その「見立ての力」は、よく指摘されるように、日本の和歌や漢詩にもありますが、実は神道によるところが大きいのです。
というのは、日本の神道では、「依り代(よりしろ)」というものを神に見立てているからです。それは、「大幣(おおぬさ)」であったり、「御神体」そのものであったりします。また、「依り代」は「鏡」や刀」、ときには人形のときもあります。さらには、その神社の宮司ですら「見たことがない」という姿も知れないものがあります。
また古代から、日本人は、「山」や「海」や「川」、そして人間まで「神」に見立てていました。その古代からのDNAが綿々と引き継がれているのではないでしょうか。
日本では、単なる「物」が、日本特有の精神性、つまり「魂」を持つという考え方があります。神道でも、「魂」が宿るものであれば、神様も宿るはずであると考えます。
つまり、人が誠心誠意何事かを行っていれば、自然界の森羅万象すべてに「魂」は宿り、その対象は何にでも仮託することが出来る、ということになります。
だから、当然日本にはこの「見立て」という現象が起きるわけです。
そこで大事なのは、絵の中のキャラクターたちの「息吹」です。
もともと、「アニメーション」とは「生気」という意味なのですが、日本のアニメや漫画には、生気あふれる「息吹」が見られていました。
戦後日本の巨大な文化であった劇画や四コマ漫画もそうでしたが、日本のアニメや漫画は、作り手の「魂」が込められると考えることによって、実際に常に生き生きとして、それが見る者を魅了するわけです。
実はここにも、神道が関係して来ます。日本の神道では、人間の「魂」とは、肉体で意図的に振ることによって「震えるもの」と捉えます。

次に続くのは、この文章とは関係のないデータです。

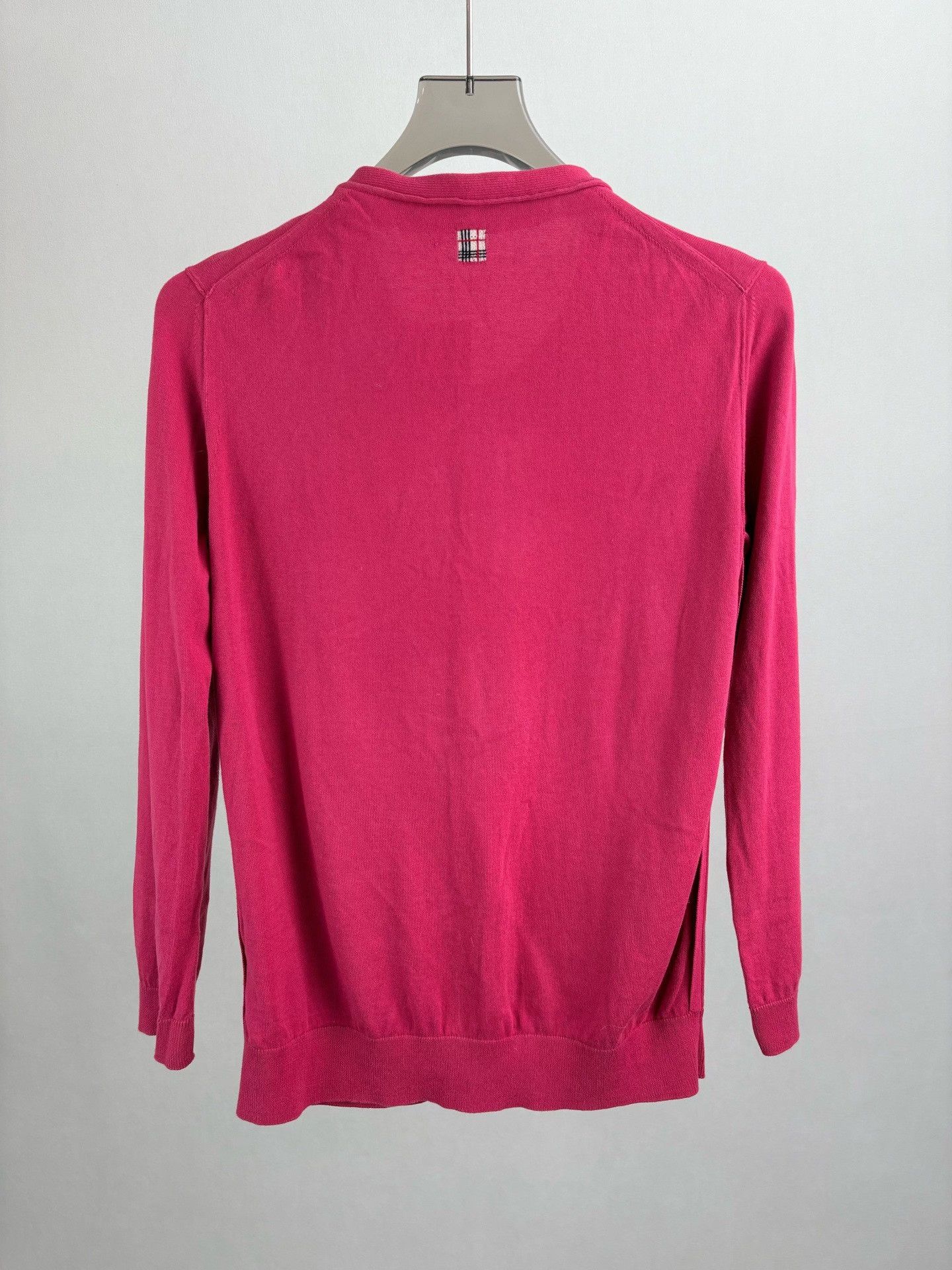 Burberry BURBERRY Knit Cardigan Size L / US 10 / IT 46 - 2 Thumbnail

例えば、戦前に川面凡児という神道家が行っていた鎮魂法は、「振魂」(ふりたま)と「鎮魂」(たましずめ)いう方法で禊などの修行法がいまも行われています。
もともとは物部一族の考え方だったといわれていますが、神や人の魂には、「荒魂」(あらみたま)と「和魂」(にぎみたま)など「四魂」があり、丹田(へその下)辺りに力を入れて深い息呼吸をしながら気持ちを振ることで、神に近づけるというものです。
ものの「魂」にはその人間の呼吸や息吹が大事、というところが日本の神道的なところでしょう。